At the White House celebration of a planned new factory in Wisconsin — “the size of three Pentagons” — the Great Negotiator was all smiles. That would be Terry Gou, CEO of the Taiwanese electronics giant Foxconn.

The guy standing next to him was Donald Trump. The president said that Foxconn would invest $10 billion and create up to 13,000 well-paying manufacturing jobs. He later called the project “the eighth wonder of the world.” That was 18 months ago.

The ninth wonder of the world is that anyone took Foxconn’s word seriously. Foxconn has a history of making flashy job announcements and then not providing the jobs. The American side got a foretaste of disappointment last month when Gou’s special assistant, Louis Woo, told Reuters, “In terms of TV, we have no place in the U.S.” Only then did Foxconn publicly announce a change in plans. The Wisconsin plant would be more focused on research and development.

An uproar followed, and Foxconn changed its wording. Yes, there would be R & D but also some screen manufacturing. Even with that revision, this means there won’t be anywhere near 13,000 choice blue-collar jobs. And that assumes you believe a word the company says, which you shouldn’t.

Six years ago, Foxconn announced it would invest $30 million in a plant in Pennsylvania. It didn’t. Later, it said it would spend $5 billion in India and create 50,000 jobs. So far, nothing. It said it would invest up to $10 billion on an electronics plant in Indonesia and then lowered the figure to $1 billion.

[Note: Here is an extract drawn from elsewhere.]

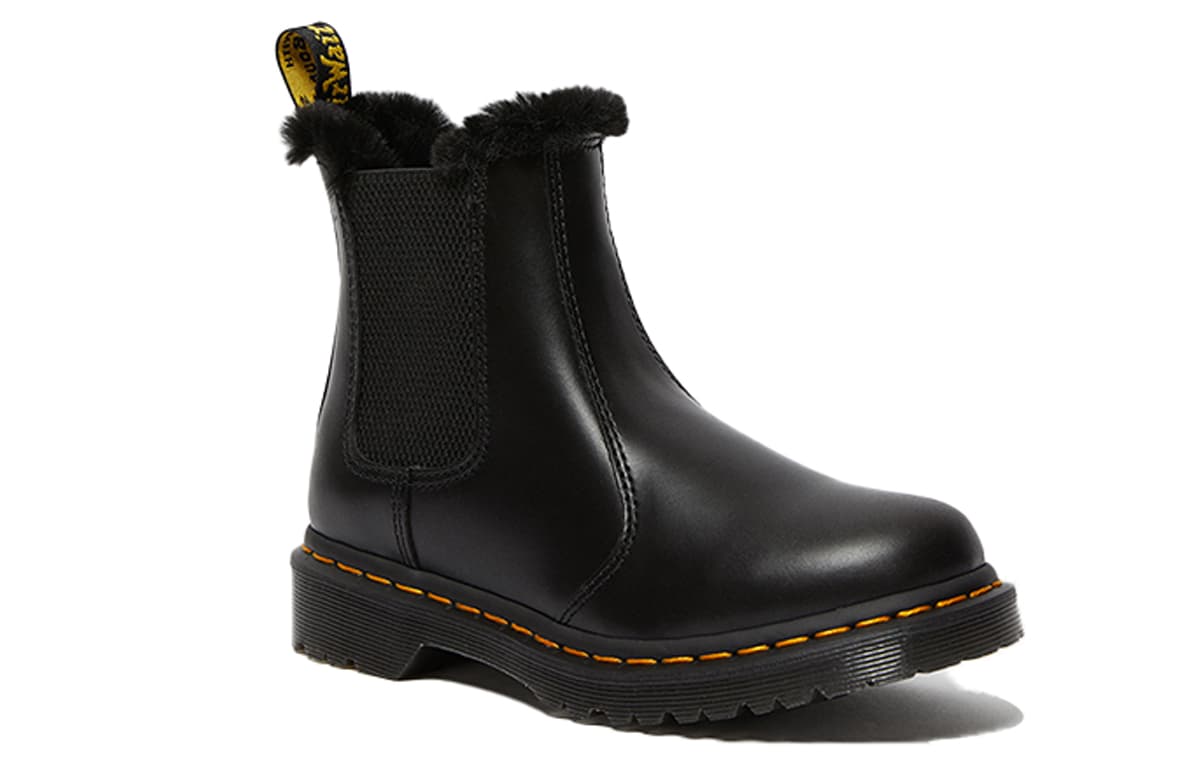 Ботинки челси Dr. Martens 2976 Leonore - изображение 2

And its follow-through on plans to invest $12 billion in Brazil, with 100,000 jobs to follow, is a fraction of what was promised.

The one Foxconn project that remains on course is a $9 billion factory in Guangzhou, China, expected to create 10,000 jobs. It will be making flat-panel display screens similar to those allegedly planned for the factory outside Racine.

Even with the taxpayer incentives, the economics of making flat panels in the U.S. have never added up. Foxconn workers in China make about $8,000 a year. Gou was promising Wisconsinites an average $53,875 a year.

In hammering out the deal for an “advanced manufacturing facility,” Americans got rolled. Wisconsin’s Republican governor and Republican Legislature put state taxpayers on the hook for more than $4 billion in various incentives. This would have amounted to a subsidy of $15,000 to $19,000 per job per year. That is at least six times the typical subsidy for such jobs, according to the W.E. Upjohn Institute for Employment Research in Kalamazoo, Michigan.

I note that this screwy attempt to buy jobs was the handiwork of Republicans not because Democrats don’t do stupid deals — they do — but because handing out taxpayer subsidies goes against what conservatives say they believe in. Rather than improve the business climate for all the state’s employers, Wisconsin Republicans chose a “winner” on whom to shower the taxpayers’ money.

These are the same state leaders who claimed they had run out of funds for the University of Wisconsin. An educated workforce is economic development, too, you know. Rather, politicians are buying bragging rights about creating jobs. The hope, of course, is that the public doesn’t quite understand how much it’s spending for those jobs — or what jobs are lost as other companies have to cover the taxes the “winner” isn’t paying.

The only rationale for building in Wisconsin was as protection in the event of a trade war with China. Gou probably now figures that Trump’s trade war isn’t going to go far.

Trump tweeted last week, “Great news on Foxconn in Wisconsin after my conversation with Terry Gou!” Boy, does Gou have him pegged.